According to this post OPML files are a handy way to exchange lists…usually I see OPML files as a collection of feeds from an RSS reader, but they are more than this, they can house a list of text/links made in an OPML outliner.
From the post:
“I can pull together a point of view with supporing exhibits, and publish the entire package to the web as a living, constantly updated knowledge environment
…use OPML to make a personalised online work environment for my daily research and writing”
So how do people view these OPML outlines (lists)?
Well they can have a URL and be published on the web and are viewed as a tree, and can be searched in an OPML search engine.
Instead of needing a blog or website for a daily updated presentation of new links to add to to your topic or bibliography list, you can use an outline list, an OPML list is much more suited for its simplicity as a focused topic packet list…you could make heaps of lists that you update and maintain…here is an OPML outline for the U.S. Constitution in OPML…and here is the OPML file.

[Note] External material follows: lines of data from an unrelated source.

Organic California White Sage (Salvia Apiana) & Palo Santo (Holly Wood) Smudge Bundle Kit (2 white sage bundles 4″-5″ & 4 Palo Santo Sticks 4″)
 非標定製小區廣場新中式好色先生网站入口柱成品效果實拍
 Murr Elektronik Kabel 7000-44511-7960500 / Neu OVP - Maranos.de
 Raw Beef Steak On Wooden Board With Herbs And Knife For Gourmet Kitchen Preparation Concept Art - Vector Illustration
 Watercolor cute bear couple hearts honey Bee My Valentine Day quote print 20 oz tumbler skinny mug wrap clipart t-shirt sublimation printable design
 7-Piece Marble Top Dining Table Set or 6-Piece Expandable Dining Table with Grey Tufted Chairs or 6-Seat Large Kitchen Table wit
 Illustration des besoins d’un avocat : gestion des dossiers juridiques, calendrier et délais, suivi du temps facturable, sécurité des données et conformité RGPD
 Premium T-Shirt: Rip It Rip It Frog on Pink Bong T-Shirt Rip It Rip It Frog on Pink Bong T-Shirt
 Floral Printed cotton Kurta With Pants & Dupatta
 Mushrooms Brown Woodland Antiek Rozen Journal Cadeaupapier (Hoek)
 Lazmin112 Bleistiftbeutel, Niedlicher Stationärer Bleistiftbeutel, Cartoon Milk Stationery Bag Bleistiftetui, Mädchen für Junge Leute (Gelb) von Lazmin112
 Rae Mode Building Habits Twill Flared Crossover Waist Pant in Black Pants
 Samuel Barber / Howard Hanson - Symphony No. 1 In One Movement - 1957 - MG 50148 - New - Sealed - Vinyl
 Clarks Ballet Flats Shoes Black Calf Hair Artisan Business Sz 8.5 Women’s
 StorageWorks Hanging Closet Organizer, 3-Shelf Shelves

These lists are published online, shareable, intergrated, can be modified, easily updated….and the items in the list aren’t just confined to text, they can point to webpages, and other file formats…all the benefits of the web 2.0 environment without really needing to know HTML.
So a tool like del.icio.us can hold a list of links and organise the links into tags, but they only go to one level, where as an OPML outline is different visually (similar to a directory tree), and can also hold content other than just web links, and it also very simple and versatile…it’s the precise tool needed for the job it needs to do.